Utilizing Full Vectors and Use of Option -qopt-assume-safe-padding

ID 660493
Updated 3/6/2019
Version Latest
Public

author-image

By

Vectorization Essentials, Utilizing Full Vectors and Use of Option -qopt-assume-safe-padding

Efficient vectorization involves making full use of the vector-hardware. This implies that users should strive to get most code to be executed in the kernel-vector loop as opposed to peel-loop and/or remainder-loop.

Remainder Loop:

A Remainder Loop executes the remaining iterations when the trip (or loop)-count of the vector loop is not a multiple of the vector length. While this is unavoidable in many cases, having a large amount of time spent in remainder loops will lead to performance inefficiencies. For example, if the vector loop trip-count is 20 and the vector length is 16, the compiler generates a kernel loop that gets executed once (processing 16 elements in one vector, the vector length).  The remainder 4 iterations have to be executed in the remainder loop. Although the Intel compiler may vectorize the remainder-loop as reported by -qopt-report, it won't be as efficient as the kernel loop. For example, the remainder loop will use vector masks and it may have to use gathers/scatters, instead of, unit stride loads/stores due to memory-fault-protection issues. The best way to address this is to refactor the algorithm/code in such a way that the remainder loop is NOT executed at runtime. To do this, make trip counts a multiple of the vector length and/or making the trip count large compared to the vector length so that the overhead of any execution in the remainder-loop is comparatively low.

The compiler optimizations also take into account any knowledge of actual trip-count values. So, if the trip-count is 20, compiler usually makes better decisions if it knows that the trip-count is 20 (trip-count is a constant known statically to the compiler) as opposed to a trip-count of n (symbolic value) that happens to have a value of 20 at runtime, maybe it is an input value read in from a file. In the latter case, you can help the compiler by using a "#pragma loop_count (20)" in C/C++ or "!DIR$ LOOP COUNT (20)" in Fortran pragma/directive before the loop.

Also, take into account any unrolling of the vector-loop done by the compiler by studying output from "-qopt-report=5 -qopt-report-phase=vec" options. For example, if the compiler vectorizes a loop of trip-count n and vec-length 16 and unrolls the loop by 2 after vectorization, each kernel-loop is designed to execute 32 iterations of the original src-loop. If the dynamic trip-count happens to be 20, the kernel-loop gets skipped completely and all execution will happen in the remainder-loop. If you encounter this issue, you can use the "#pragma nounroll" in C/C++ or "!DIR$ NOUNROLL" in Fortran to turn off the unrolling of the vector-loop. You can also use the loop_count pragma described earlier instead to influence the compiler heuristics.

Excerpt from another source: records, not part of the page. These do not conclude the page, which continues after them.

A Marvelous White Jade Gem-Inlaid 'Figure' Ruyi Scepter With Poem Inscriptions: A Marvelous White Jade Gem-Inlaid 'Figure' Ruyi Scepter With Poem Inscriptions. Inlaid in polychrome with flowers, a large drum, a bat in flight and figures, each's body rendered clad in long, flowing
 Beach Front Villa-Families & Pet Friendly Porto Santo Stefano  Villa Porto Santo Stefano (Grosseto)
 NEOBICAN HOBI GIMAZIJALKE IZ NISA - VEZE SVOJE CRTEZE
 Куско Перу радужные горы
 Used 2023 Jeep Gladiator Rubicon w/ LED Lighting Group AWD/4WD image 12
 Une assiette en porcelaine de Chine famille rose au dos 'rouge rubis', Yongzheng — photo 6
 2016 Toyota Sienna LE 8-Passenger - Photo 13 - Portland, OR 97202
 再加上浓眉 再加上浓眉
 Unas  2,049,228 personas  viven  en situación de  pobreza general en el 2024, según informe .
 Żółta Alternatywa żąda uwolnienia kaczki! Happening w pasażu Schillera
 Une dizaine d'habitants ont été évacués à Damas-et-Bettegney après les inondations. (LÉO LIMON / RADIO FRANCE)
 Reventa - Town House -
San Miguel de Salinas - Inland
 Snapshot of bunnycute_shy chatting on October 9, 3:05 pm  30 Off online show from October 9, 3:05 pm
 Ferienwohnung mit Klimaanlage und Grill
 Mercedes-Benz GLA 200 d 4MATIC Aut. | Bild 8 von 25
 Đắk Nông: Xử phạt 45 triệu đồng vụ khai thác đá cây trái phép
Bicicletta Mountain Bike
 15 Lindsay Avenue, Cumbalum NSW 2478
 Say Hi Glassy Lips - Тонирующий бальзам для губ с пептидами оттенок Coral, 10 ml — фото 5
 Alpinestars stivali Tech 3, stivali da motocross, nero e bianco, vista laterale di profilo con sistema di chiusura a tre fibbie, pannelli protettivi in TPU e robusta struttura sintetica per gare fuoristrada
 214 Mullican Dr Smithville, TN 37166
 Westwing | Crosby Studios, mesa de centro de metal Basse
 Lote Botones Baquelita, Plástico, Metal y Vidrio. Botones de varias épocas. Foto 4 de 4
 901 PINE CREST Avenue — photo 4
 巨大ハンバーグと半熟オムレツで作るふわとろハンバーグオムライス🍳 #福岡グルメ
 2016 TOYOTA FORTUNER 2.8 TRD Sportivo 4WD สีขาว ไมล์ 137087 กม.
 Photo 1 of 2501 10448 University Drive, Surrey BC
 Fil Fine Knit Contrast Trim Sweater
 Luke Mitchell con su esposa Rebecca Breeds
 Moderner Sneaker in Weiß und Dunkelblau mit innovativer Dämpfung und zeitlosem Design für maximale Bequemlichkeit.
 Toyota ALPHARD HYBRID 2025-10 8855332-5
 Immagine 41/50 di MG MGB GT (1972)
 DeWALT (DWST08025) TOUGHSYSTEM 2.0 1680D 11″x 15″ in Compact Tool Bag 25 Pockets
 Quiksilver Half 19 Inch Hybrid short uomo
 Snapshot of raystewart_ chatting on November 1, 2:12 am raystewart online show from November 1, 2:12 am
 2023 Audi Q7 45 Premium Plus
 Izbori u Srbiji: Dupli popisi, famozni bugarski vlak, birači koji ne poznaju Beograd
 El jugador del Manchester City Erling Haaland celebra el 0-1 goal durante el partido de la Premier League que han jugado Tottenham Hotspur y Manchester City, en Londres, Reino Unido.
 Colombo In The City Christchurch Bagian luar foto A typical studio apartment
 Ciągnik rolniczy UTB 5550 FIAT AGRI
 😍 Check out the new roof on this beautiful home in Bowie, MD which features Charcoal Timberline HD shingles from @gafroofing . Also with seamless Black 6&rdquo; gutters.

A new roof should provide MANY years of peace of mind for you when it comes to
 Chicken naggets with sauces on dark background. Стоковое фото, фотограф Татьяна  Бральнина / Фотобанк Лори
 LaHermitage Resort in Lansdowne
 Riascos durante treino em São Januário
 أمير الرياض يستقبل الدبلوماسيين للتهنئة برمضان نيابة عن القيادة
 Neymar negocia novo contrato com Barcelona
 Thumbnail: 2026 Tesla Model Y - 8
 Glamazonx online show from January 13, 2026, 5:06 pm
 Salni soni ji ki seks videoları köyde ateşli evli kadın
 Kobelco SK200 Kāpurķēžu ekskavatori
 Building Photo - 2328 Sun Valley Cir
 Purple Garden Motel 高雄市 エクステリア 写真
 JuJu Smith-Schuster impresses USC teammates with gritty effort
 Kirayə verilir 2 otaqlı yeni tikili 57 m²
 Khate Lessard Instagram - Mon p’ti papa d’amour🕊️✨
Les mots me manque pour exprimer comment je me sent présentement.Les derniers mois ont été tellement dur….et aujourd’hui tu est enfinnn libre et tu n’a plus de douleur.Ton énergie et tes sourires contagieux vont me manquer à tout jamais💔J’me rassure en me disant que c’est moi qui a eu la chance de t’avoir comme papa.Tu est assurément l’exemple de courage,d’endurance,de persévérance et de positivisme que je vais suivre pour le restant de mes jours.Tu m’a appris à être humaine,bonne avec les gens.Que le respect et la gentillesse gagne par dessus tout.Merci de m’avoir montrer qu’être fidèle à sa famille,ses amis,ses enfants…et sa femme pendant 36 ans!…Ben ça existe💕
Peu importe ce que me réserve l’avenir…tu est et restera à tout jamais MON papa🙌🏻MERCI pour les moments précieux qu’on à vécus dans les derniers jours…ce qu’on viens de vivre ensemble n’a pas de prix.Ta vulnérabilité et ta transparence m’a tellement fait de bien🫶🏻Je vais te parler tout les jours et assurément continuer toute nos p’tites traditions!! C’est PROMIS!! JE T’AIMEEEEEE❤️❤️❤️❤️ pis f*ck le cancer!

If you want to disable vectorization of the remainder-loop generated by the compiler, use "#pragma vector novecremainder" in C/C++ or "!DIR$ vector noremainder" in Fortran pragma/directive before the loop. Using this also disables vectorization of any peel-loop generated by the compiler for this loop. 

Peel Loop:

Compiler generates dynamic-peel loops typically to align one of the memory accesses inside the loop. The peel-loop peels a few iterations of the original src-loop until the candidate memory-access gets aligned. The peel-loop is guaranteed to have a trip-count that is smaller than the vector-length. This optimization is done so that the kernel vector-loop can utilize more aligned load/store instructions, thus increasing the performance efficiency of the kernel-loop. But the peel-loop itself, even though it may be vectorized by the compiler, is less efficient. Study the "-qopt-report=5 -qopt-report-phase=vec" output from the compiler. The best way to address this is to refactor the algorithm/code in such a way that the accesses are aligned and the compiler knows about the alignment following the vectorizer alignment BKMs (best known methods). If the compiler knows that all accesses are aligned say, the user correctly uses "#pragma vector aligned" before the loop so that compiler can safely assume all memory accesses inside the loop are aligned, then there will be no peel-loop generated by the compiler.

You can also use the loop_count pragma described earlier to influence the compiler decision of whether or not to create a peel loop.

You can instruct the compiler to NOT generate a dynamic peel loop by adding  "#pragma vector unaligned" in C/C++ or "!DIR$ vector unaligned" in Fortran pragma/directive before the loop in the source. 

You can use the vector pragma/directive with the novecremainder clause (as mentioned above) to disable vectorization of the peel loop generated by the compiler. 

It may be undesirable to have a dynamic-peel loop when the trip-count of the loop is expected to be small. Compiler uses any knowledge of actual trip-count of the loop (static constant, loop count pragma, etc.) before it decides to do dynamic peeling for alignment. But in many cases, this information may not be available to the compiler. One way to provide this information is to add a "#pragma loop_count (20)" in C/C++ or "!DIR$ LOOP COUNT (20)" in Fortran pragma/directive before the loop with the appropriate value for the trip-count for your application. 

Example:

% cat -n t2.c

           1  #include <stdio.h>
           2
           3  void foo1(float *a, float *b, float *c, int n)
           4  {
           5    int i;
           6  #pragma ivdep
           7    for (i=0; i<n; i++) {
           8      a[i] *= b[i] + c[i];
           9    }
          10  }
          11
          12  void foo2(float *a, float *b, float *c, int n)
          13  {
          14    int i;
          15  #pragma ivdep
          16    for (i=0; i<20; i++) {
          17      a[i] *= b[i] - c[i];
          18    }
          19  }

For loop at lines 7-8, compiler generates a kernel-vector-loop, unrolled after vectorization by a factor of 2, and a peel-loop and remainder loop, neither are vectorized.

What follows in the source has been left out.